* _REQUIRED ACTION_
Only the lines from the one containing "New Air Jordan 1 Mid size 10.5M/12W" to the end of the material are to be copied, exactly and in full; images stay out.
Segment Start: DATASET EXTRACT
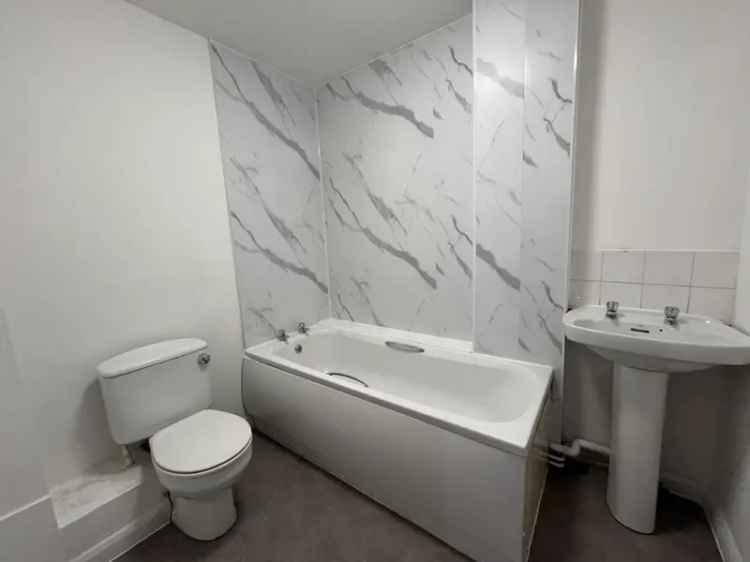 3 Bedroom Apartment Spacious Bright Recently Renovated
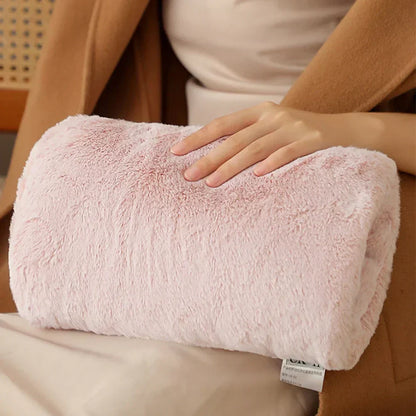 Compact Comfort: Relaxation and Warmth in One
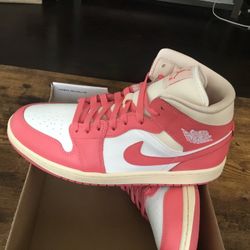 New Air Jordan 1 Mid size 10.5M/12W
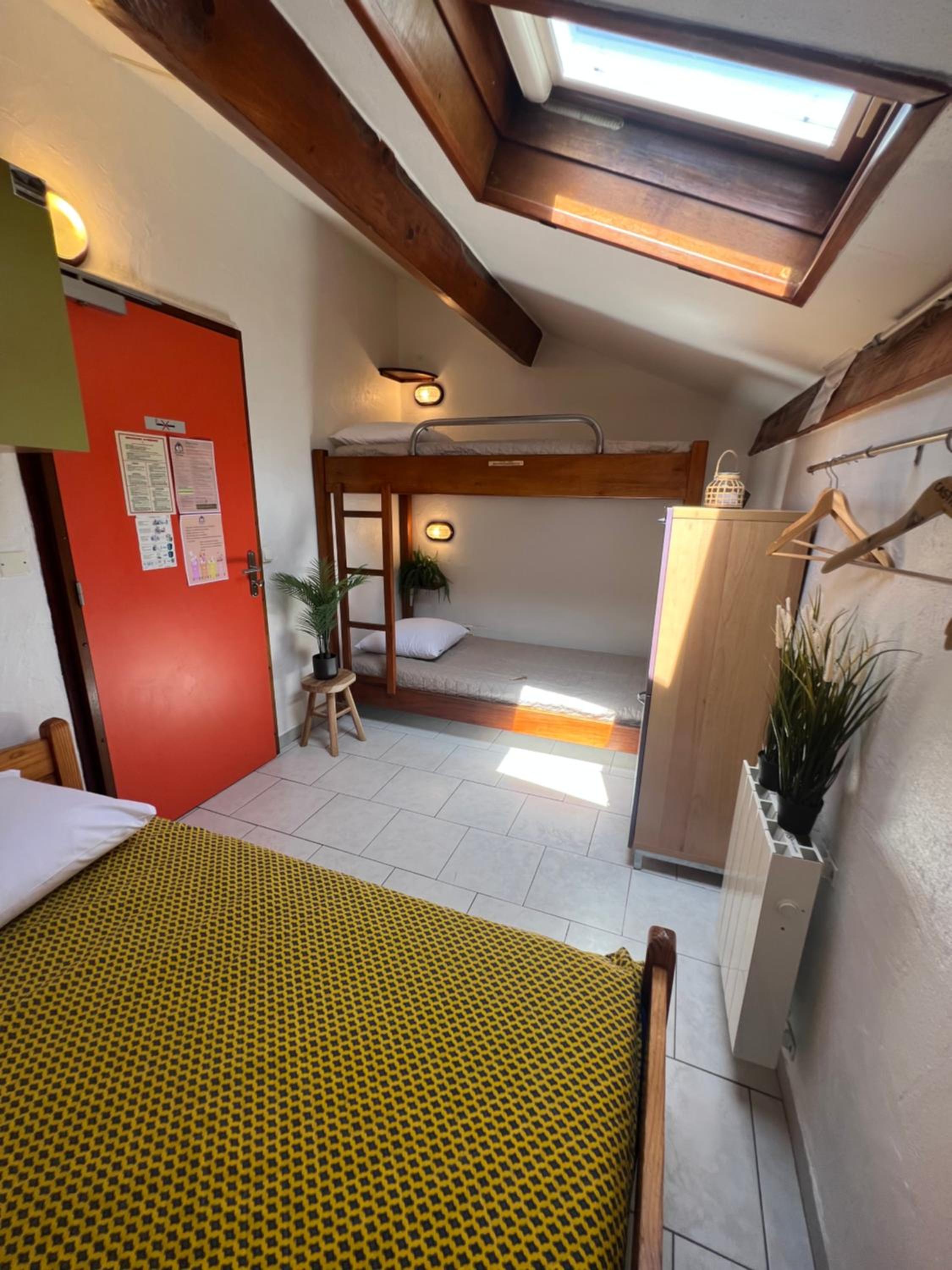 Single Bed in 4-Bed Dormitory Room photo 2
Segment End: DATASET EXTRACT
* _EXERCISE RESULT_
 New Air Jordan 1 Mid size 10.5M/12W
 Single Bed in 4-Bed Dormitory Room photo 2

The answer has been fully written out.